The above pictures detail our ascension to Montserrat, a mountain monastery retreat. I say retreat because the area has been turned into a big tourist attraction with various hotels, restaurants, and shops. Since we went on a Sunday, Matt and I instead enjoyed nature by walking along a trail to a more secluded area. It was breathtaking to be so high up on such a steep mountain.

Our next post will end with London--our last stop.

Wednesday, October 8, 2008


Since Matt and I have been home for a full week--and our jet lag is pretty much worn off--we decided it was time to post about our adventurous European discoveries. Let's start with Paris.

Eiffel tower, shmeiffel tower. While we did take time to take in that most functional of all apparatuses (it is a radio tower), we were perhaps more taken by the extremely expressive art of Rodin. Here is his sculpture of Victor Hugo, listening to his literary muses while pushing out the din of us rather normal (and non-muse) humans.

In the Hall of Mirrors at Versailles, each big window has a partner mirror across the way.
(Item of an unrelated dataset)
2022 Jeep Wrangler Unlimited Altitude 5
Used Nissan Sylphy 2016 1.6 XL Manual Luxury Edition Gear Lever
That's about it--except for all the innate opulence. Oh, and the billions of visitors. Not-so-fun fact: the queens had to give birth in public so that it was verified that the child was the king's. (Not to question it further, but wouldn't it be more appropriate to verify that the child is the king's by witnessing the conception? Not that anyone would want to witness that...)  

In the city of wonderful food, Matt and I found this Japanese restaurant that served up some great pot stickers and wonderfully filling miso soups. All for the cheap price of 6 euros a piece. (Believe me, a $10/person meal is pretty cheap in Paris.)

Church in Paris was our most adventurous discovery, by far. I had printed out a map from for a chapel, but the map took us to a small alley with NO church. We did have the address (which, interestingly enough, didn't match up to the map...), so we used our guidebook, people on the street, and famous landmarks to help us problem solve until we did find the church--only to find it was locked. But then we saw a sign that invited us to come in by pressing a button and walking through the big blue door. We did so, only to find church was not in session. All signs said it was supposed to be sacrament meeting, but no one was there so we figured it was a district conference day.

Tomorrow I'll take you through Barcelona!